Actor Roger Guenveur Smith Shares Unique Performance with MSU Students

He’s been seen on the big screen in director Spike Lee’s best-known movies and on the small screen masterfully portraying the title role in his Peabody Award-winning “A Huey P. Newton Story.” Now he has been seen on the campus of Morgan State University, channeling the spirit of abolitionist and statesman Frederick Douglass, whose historic statue stands at the center of the University’s Academic Quad.
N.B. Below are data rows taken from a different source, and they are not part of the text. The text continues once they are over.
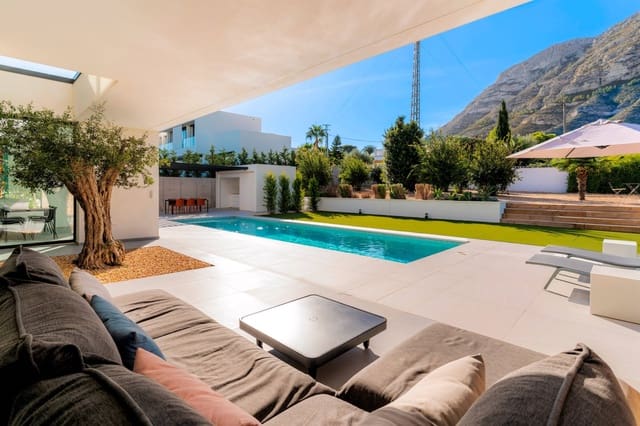 3 soveværelse Villa til salg i El Montgó, Dénia med swimmingpool - € 1.195.000 (Ref: 9732047)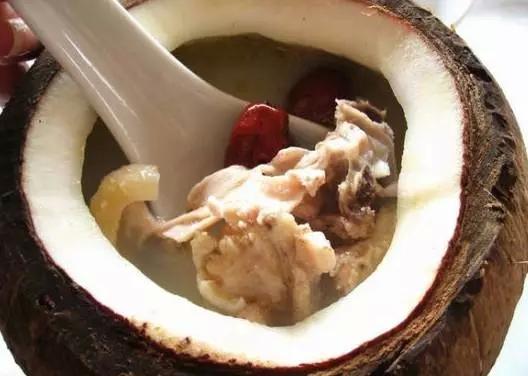 原盅椰汁炖鸡汤正宗做法,椰汁鸡汤的做法(4)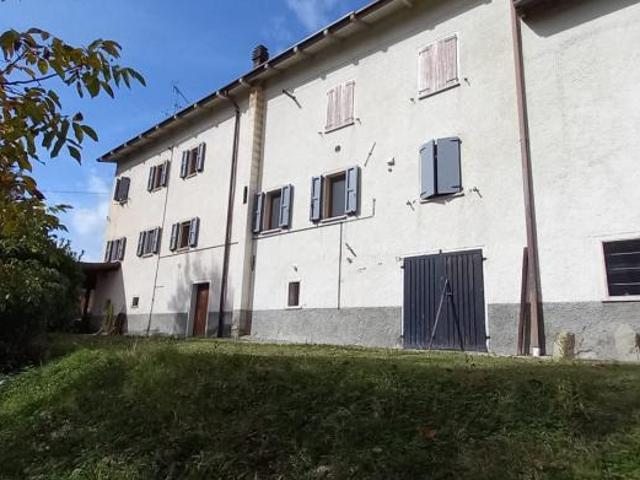Casa 3 camere da letto, Roncaciso Roncaciso 42010 ES106033618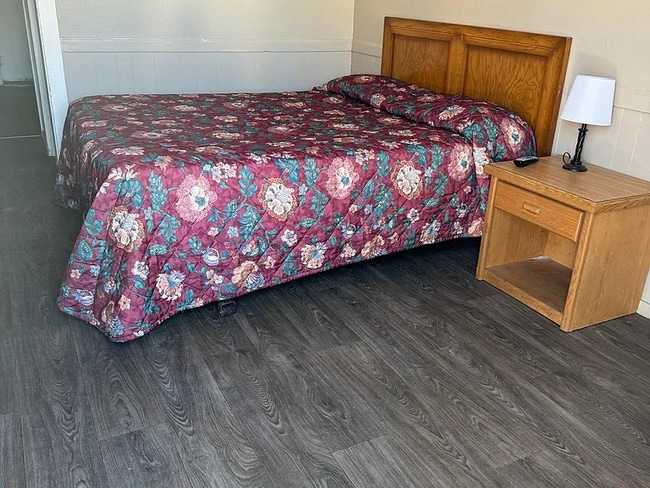 316 E Flaming Gorge Way unit 213, Green River, WY 82935 - photo 2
Roger Guenveur Smith’s name may not be as widely recognized as, say, Denzel Washington’s or Don Cheadle’s, but his contributions to film and stage as an actor, writer and director have not gone unrecognized. Throughout his career, Smith has been able to extract much from characters large and small, and it is that broad experience he was able to share during his daylong visit to Morgan, which came courtesy of the James H. Gilliam, Jr., College of Liberal Arts’ Screenwriting and Animation (SWAN) program and its director/associate professor Keith Mehlinger. Smith also treated students and faculty to his widely acclaimed one-man show, “Frederick Douglass Now!”

“We’re honored to have Roger Guenveur Smith bring this important work to Baltimore, specifically to the campus of Morgan,” said Mehlinger. “His interdisciplinary approach to storytelling, along with a commitment to ensuring black history is included in the story of America, represent the work our program celebrates and prepares our students to create.”

The appearance included Smith’s visit to several SWAN classes before engaging in an intimate performance of his one-man show at the Carl J. Murphy Fine Arts Center Recital Hall. A genre-blending monologue inspired by the life and work of one of America’s greatest public intellectuals, “Frederick Douglas Now!” combines spoken word and sermon, hip-hop and historic quotes. The play has been lauded by a number of publications, including VarietyThe New York Times and Playbill.

For his debut at Morgan, Smith captivated the standing-room-only audience with his original performance piece. Included among the many poignant passages Smith passionately delivered was the following:

If there is no struggle, there is no progress
That was the rap of brother Frederick Douglass
From 1818 to 1895
MC Freddie D. the man is still alive
No jive
In 1985, he was alive
In 1986, we threw him in the mix
In 1987, he was looking down from heaven
In 1988, he said mash down apart hate
Smash down apart
Mash down, smash down, bash down apart hate
In ’89, he was right on time
And now it’s how many years after the film “Do the Right Thing”
And I still gotta bust this rhyme?
They love black music, but they hate black people
They love this riddim
They love this rhyme
But when it comes to the struggle
They don’t have the time

After the performance, Smith led a group of students and faculty on a cross-campus march from the Murphy Fine Arts Center to the statue of Frederick Douglass located in front of the University’s historic Holmes Hall. There, beneath the shadow of Douglass’ majestic likeness, which stands as an enduring reminder of past contributions that have paved a way for some of the very benefits we enjoy today, Smith engaged the students in a question and answer session.

With a career that spans decades, Smith is best known for his roles in popular film and television shows including K Street, Oz, “Malcolm X,” “American Gangster,” “Chi-Raq” and “Do the Right Thing.” “Frederick Douglas Now!” is Smith’s third one-man play to be adapted to film, following “A Huey P. Newton Story” and “Rodney King.”

The SWAN program serves as Morgan’s interdisciplinary cinematic arts and sciences major. Much more than a film major, SWAN lays the groundwork for evolving artists, filmmakers and content producers to forge career paths in entertainment, education, science and business, in an era when visual storytelling is the dominant narrative form.